Keeping the spawning adults off the silty bottom gives the offspring an even greater chance to survive.

At another site there are floating spat collectors. The floats are intended to give the baby oysters a temporary home underwater while they grow. Each collector bag is made of chicken wire mesh filled with bay scallop shells. The baby oysters will readily attach themselves to the scallop shells and at some point the shells and juvenile oysters will be released to the bottom to grow naturally. Each one of the collectors was made by the summer interns early in the season. The chicken wire will naturally rust and eventually disintegrate.

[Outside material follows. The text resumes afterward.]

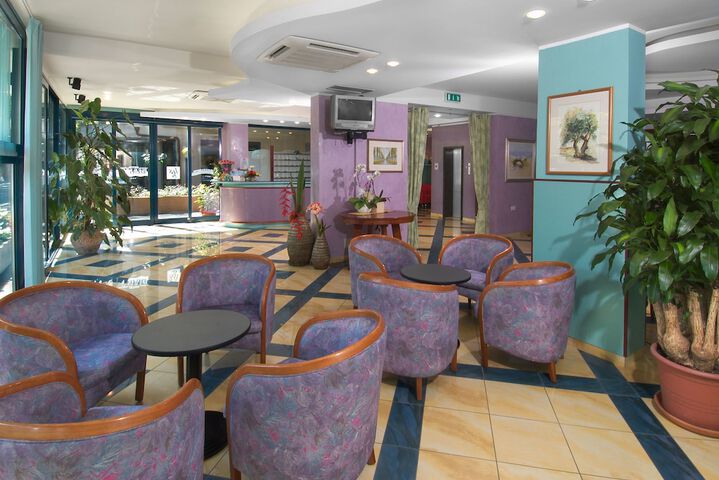 Hotel Interior 5 of 24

At another site, Mr. Huth pulls up lantern nets loaded with juvenile oysters. Using a scrubber he wipes away algae that has grown on the net. Mr. Bassett explains that the lantern nets are ideal for raising young oysters but also the most labor intensive. The nets must be washed frequently or they will foul.

The pond is alive with oyster spat this summer, Mr. Bassett observes — more evidence that the project is a success story so far. They’ve found oyster spat attached to more than the bay scallop shells and the shellfish culch they’ve put out there. They even found a brown oak leaf with spat attached.

Speeding back to the town landing, Mr. Bassett points out another important part of this collaborative effort that includes the involvement of riparian owners. On the shore, in the backyard of a private home owned by Toni Shute and John O’Keefe, Mr. Bassett has set up two 275-gallon seawater tanks that serve as a nursery for young oysters. A similar system has operated in the Tisbury Great Pond for years with great success.

Mr. Bassett says he has no official title. “Just call me the oyster man,” he smiles.